Just as a temperature gage doesn't say much about how hot it will feel when you go outside because it doesn't measure humidity, statistics don't always capture economic reality for ordinary Americans.

Real gross domestic product is adjusted for inflation. But the rate of inflation used to perform this complicated calculation excludes import prices like the cost of imported oil. This has soared, pushing up gasoline prices and taking a big bite out of U.S. household budgets.

"The concept of 'real' GDP is intended to measure physical quantities rather than dollar amounts. So that if you paid a higher dollar price but purchased the same number of physical goods, real GDP would be unchanged," said professor James Hamilton of the University of California, San Diego.

On this basis, U.S. GDP advanced at a 1.9 percent annualized pace in the second quarter, after adjustment by an inflation rate -- or deflator -- that was calculated at just 1.1 percent, according to U.S. Commerce Department data published on Thursday.

But consumers face much higher prices. The gross domestic purchases price index, which measures what Americans buy and includes import prices while excluding export prices, was measured at a much higher 4.3 percent in the second quarter.

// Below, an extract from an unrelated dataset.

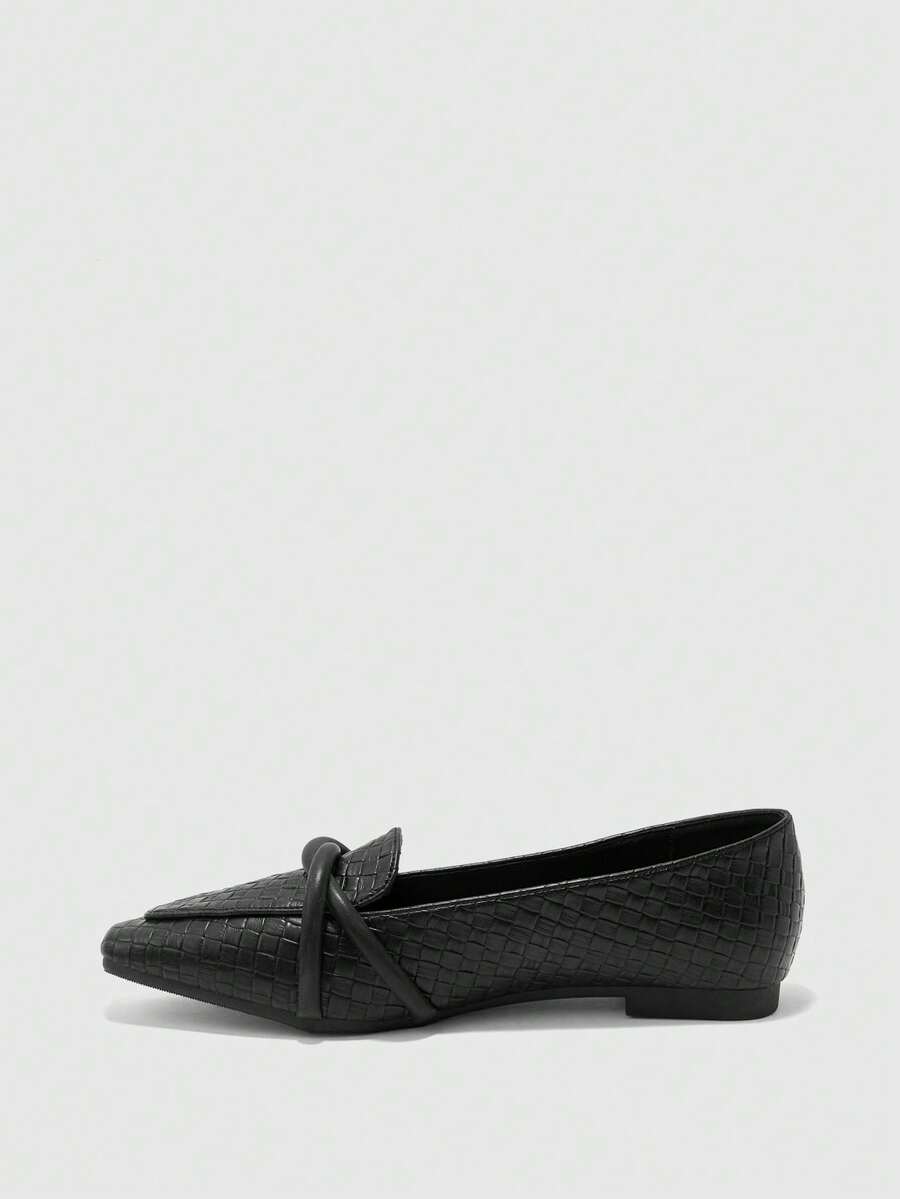 Croc Effect Criss Cross Strap Flats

"The difference between those two indexes ... is larger than average and does represent a difference between what the economy is doing strictly measured by GDP and, if you will, what people are spending for goods and services," said Eugene Seskin, an economist with the Commerce Department's Bureau of Economic Analysis, which produces the report.

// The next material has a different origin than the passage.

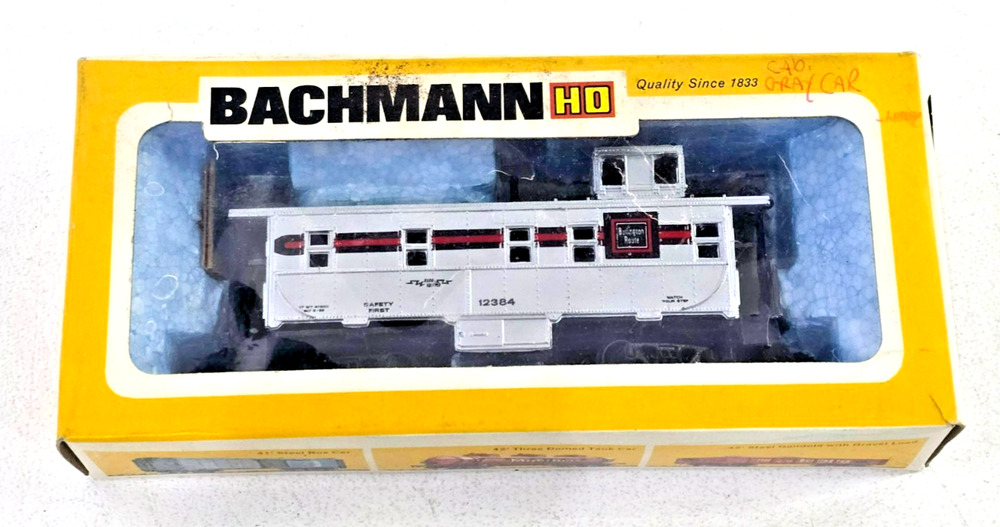 Bachmann HO Scale Burlington 0984 Caboose Train Car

"There is no magic going on, no slight of hand," he said, deflecting any suggestion that this is a convenient outcome for the U.S. government.

People who think the United States has already slipped into a recession that has been massaged away by the official data were not persuaded.

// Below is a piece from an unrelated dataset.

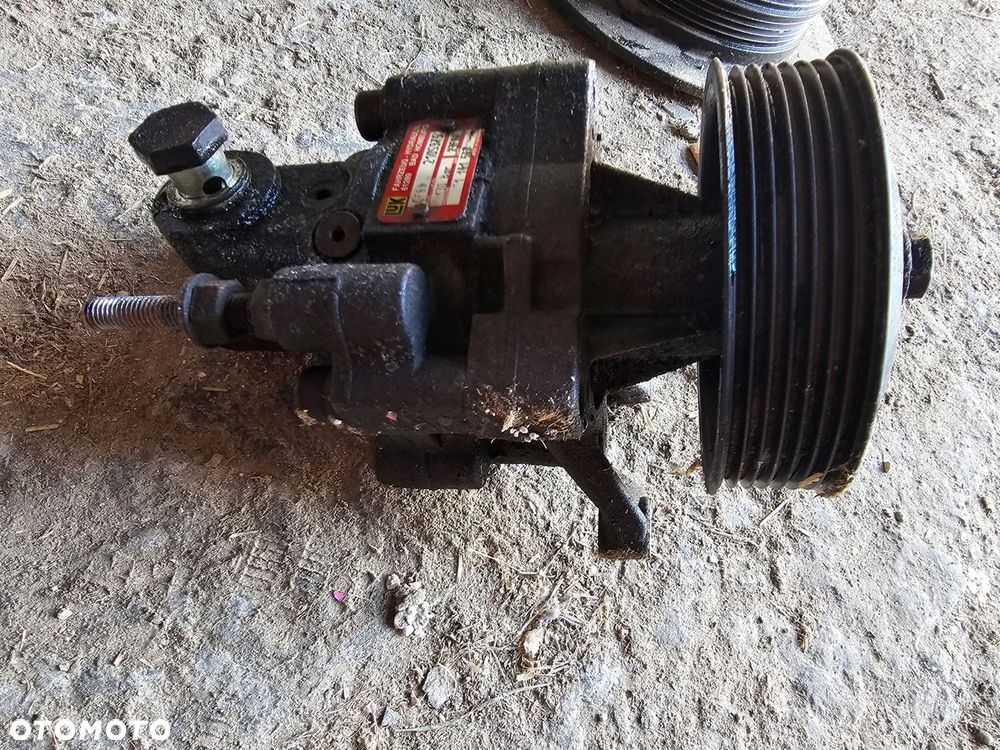POMPA WSPOMAGANIA BMW 8 E31 4.4 V8 M62B44 2105975 - 2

"That alleged 1.9 percent growth depended on the ludicrous assumption that inflation was just 1.1 percent at an annual rate," said Stefan Karlsson, an economist based in Sweden.

"If you instead deflate the nominal GDP growth of 3.0 percent with the 4.3 percent increase in the gross domestic purchases deflator, then growth was -1.2 percent," he wrote on his blog.

Not that there wasn't something for optimists to be cheerful about in the GDP release. Some saw a big drop in inventories potentially concealing good news.

Inventories fell at an annualized rate of $62.2 billion, the largest decline since the fourth quarter of 2001, and this subtracted 1.9 percent from second quarter GDP growth.

"That was a huge drop in inventories ... and that leaves a lot of room on the other side to say that things are even better than they seem," said Hamilton.

GDP measures production. Sales made out of inventories subtract from GDP. If this happened because sales were stronger than businesses expected, it is probably good news. But if it happened because firms were running down stocks due to pessimism about future sales, it may be a warning signal.